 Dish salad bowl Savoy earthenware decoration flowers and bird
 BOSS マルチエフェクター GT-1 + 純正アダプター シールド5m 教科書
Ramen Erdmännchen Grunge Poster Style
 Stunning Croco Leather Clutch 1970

────────────────────────────────────────

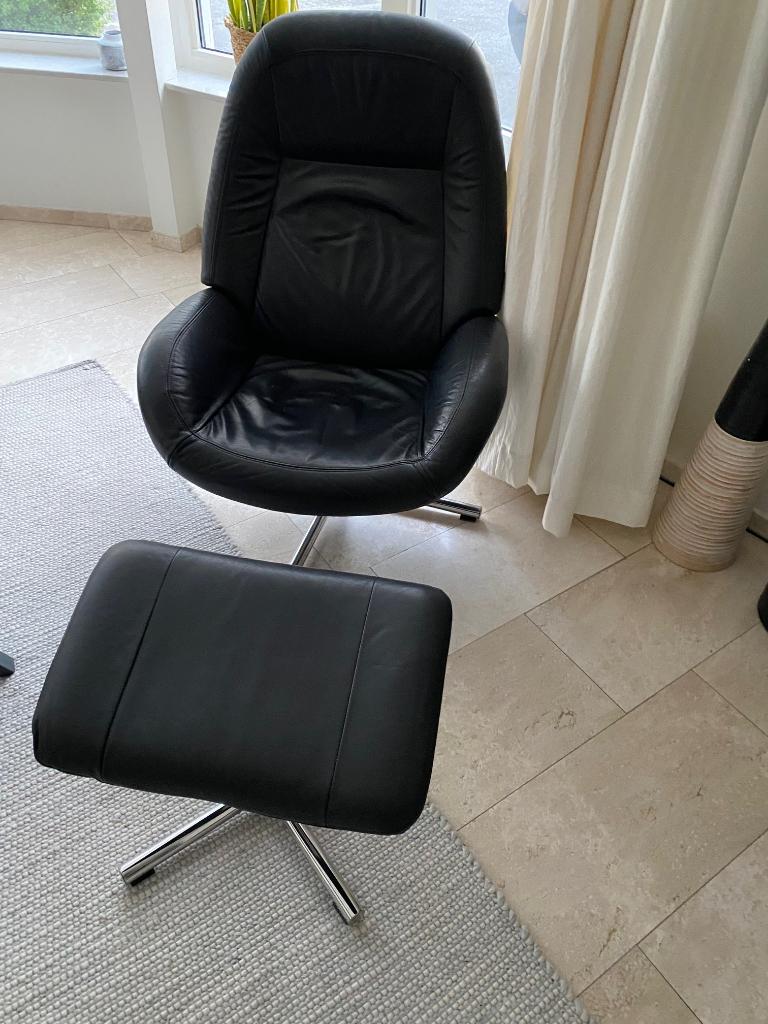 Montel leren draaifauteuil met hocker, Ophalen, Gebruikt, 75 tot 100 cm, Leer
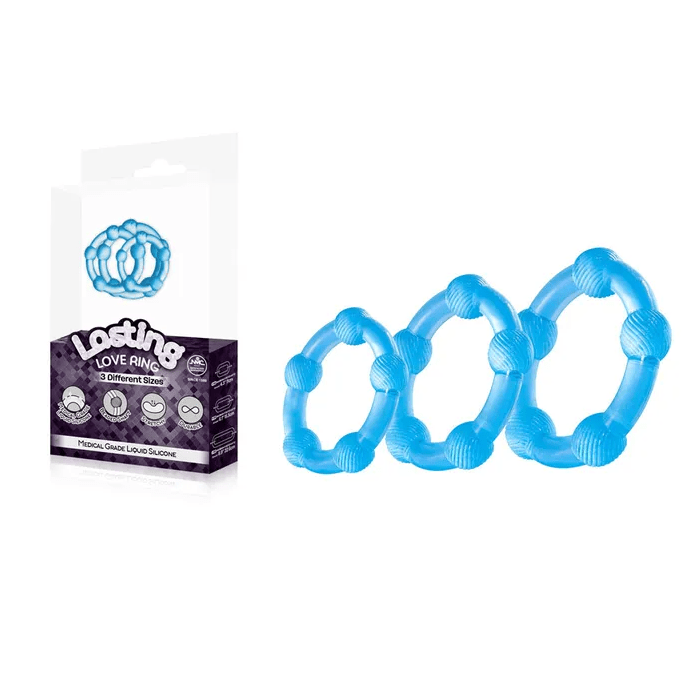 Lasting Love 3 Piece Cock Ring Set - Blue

────────────────────────────────────────

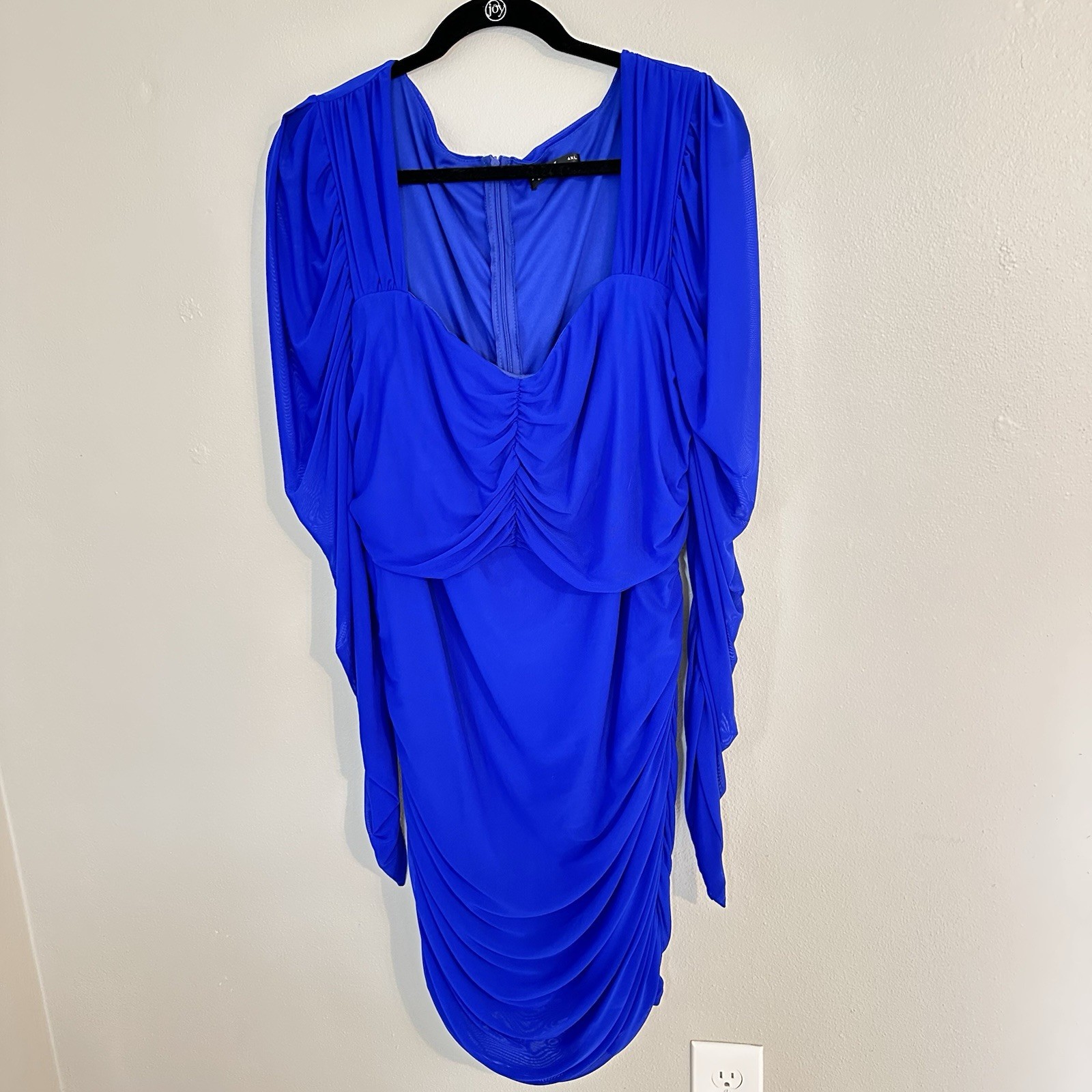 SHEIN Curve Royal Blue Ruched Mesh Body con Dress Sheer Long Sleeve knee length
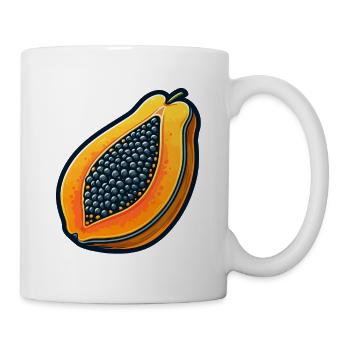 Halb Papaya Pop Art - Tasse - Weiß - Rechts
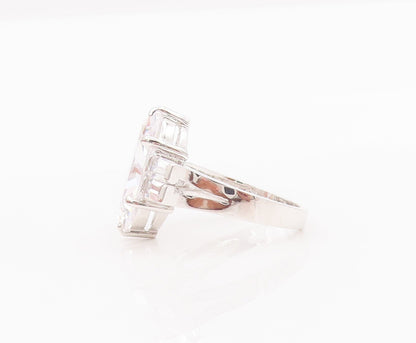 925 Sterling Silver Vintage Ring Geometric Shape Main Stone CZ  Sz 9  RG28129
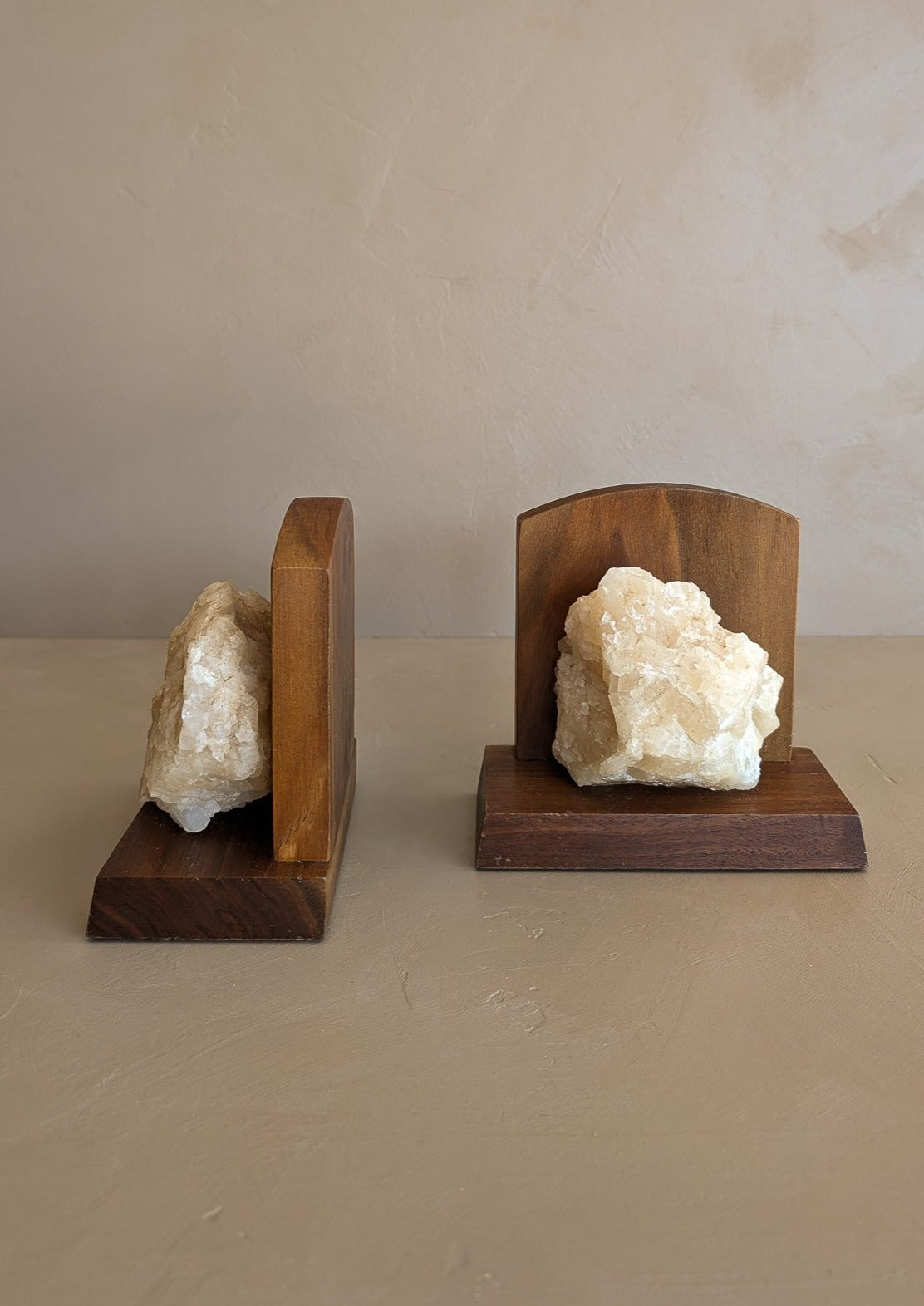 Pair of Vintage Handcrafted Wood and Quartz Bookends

────────────────────────────────────────

» **Your task**
Using the data above, retype exactly the lines from the line with "925 Sterling Silver" to the line with "Pair of Vintage", inclusive. No pictures and nothing else.

» **Answer section**
 925 Sterling Silver Vintage Ring Geometric Shape Main Stone CZ  Sz 9  RG28129
 Pair of Vintage Handcrafted Wood and Quartz Bookends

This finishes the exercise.